The Oncotype DX assay is a clinically validated 17-gene genomic assay that provides a genomic prostate score (GPS; scale 0-100) measuring the heterogeneous nature of prostate tumors. The test is performed on prostate tissue collected during biopsy. There is a lack of data on the association between the GPS and tumor pathology after radical prostatectomy (RP).

To investigate the association between GPS and final pathology, including extraprostatic extension (EPE), positive surgical margin (PSM), and seminal vesicle invasion (SVI).

Data for the 749 patients who underwent Oncotype DX assay and RP at a referral prostate cancer center between 2015 and 2019 were retrospectively assessed to evaluate the association between GPS and unfavorable pathology parameters.

After a GPS genetic test, patients underwent robotic RP performed by the same surgeon.

Multivariable logistic regression analyses were performed to assess the association between GPS and EPE, PSM, and SVI. The models were adjusted for age, clinichological features.

We studied whether the score for a prostate genetic test was associated with prostate cancer pathology findings for patients who had their prostate removed. We found that the risk of prostate cancer spread outside the gland and to the seminal vesicle increases with higher test scores. These findings may help surgeons in counseling patients on surgical options for prostate cancer.
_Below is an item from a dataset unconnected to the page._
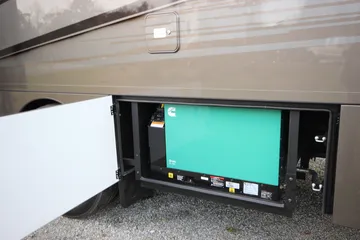 床下に積んだ発電機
We studied whether the score for a prostate genetic test was associated with prostate cancer pathology findings for patients who had their prostate removed. We found that the risk of prostate cancer spread outside the gland and to the seminal vesicle increases with higher test scores. These findings may help surgeons in counseling patients on surgical options for prostate cancer.Long-chain fatty acid oxidation is frequently impaired in primary and systemic metabolic diseases affecting the heart; thus, therapeutically increasing reliance on normally minor energetic substrates, such as ketones and medium-chain fatty acids, could benefit cardiac health. However, the molecular fundamentals of this therapy are not fully known. Here, we explored the ability of octanoate, an eight-carbon medium-chain fatty acid known as an unregulated mitochondrial energetic substrate, to ameliorate cardiac hypertrophy in long-chain fatty acid oxidation-deficient hearts because of carnitine palmitoyltransferase 2 deletion (Cpt2M-/-). CPT2 converts acylcarnitines to acyl-CoAs in the mitochondrial matrix for oxidative bioenergetic metabolism. In Cpt2M-/- mice, high octanoate-ketogenic diet failed to alleviate myocardial hypertrophy, dysfunction, and acylcarnitine accumulation suggesting that this alternative substrate is not sufficiently compensatory for energy provision. Aligning this outcome, we identified a major metabolic distinction between muscles and liver, wherein heart and skeletal muscle mitochondria were unable to oxidize free octanoate, but liver was able to oxidize free octanoate. Liver mitochondria, but not heart or muscle, highly expressed medium-chain acyl-CoA synthetases, potentially enabling octanoate activation for oxidation and circumventing acylcarnitine shuttling. Conversely, octanoylcarnitine was oxidized by liver, skeletal muscle, and heart, with rates in heart 4-fold greater than liver and, in muscles, was not dependent upon CPT2. Together, these data suggest that dietary octanoate cannot rescue CPT2-deficient cardiac disease. These data also suggest the existence of tissue-specific mechanisms for octanoate oxidative metabolism, with liver being independent of free carnitine availability, whereas cardiac and skeletal muscles depend on carnitine but not on CPT2.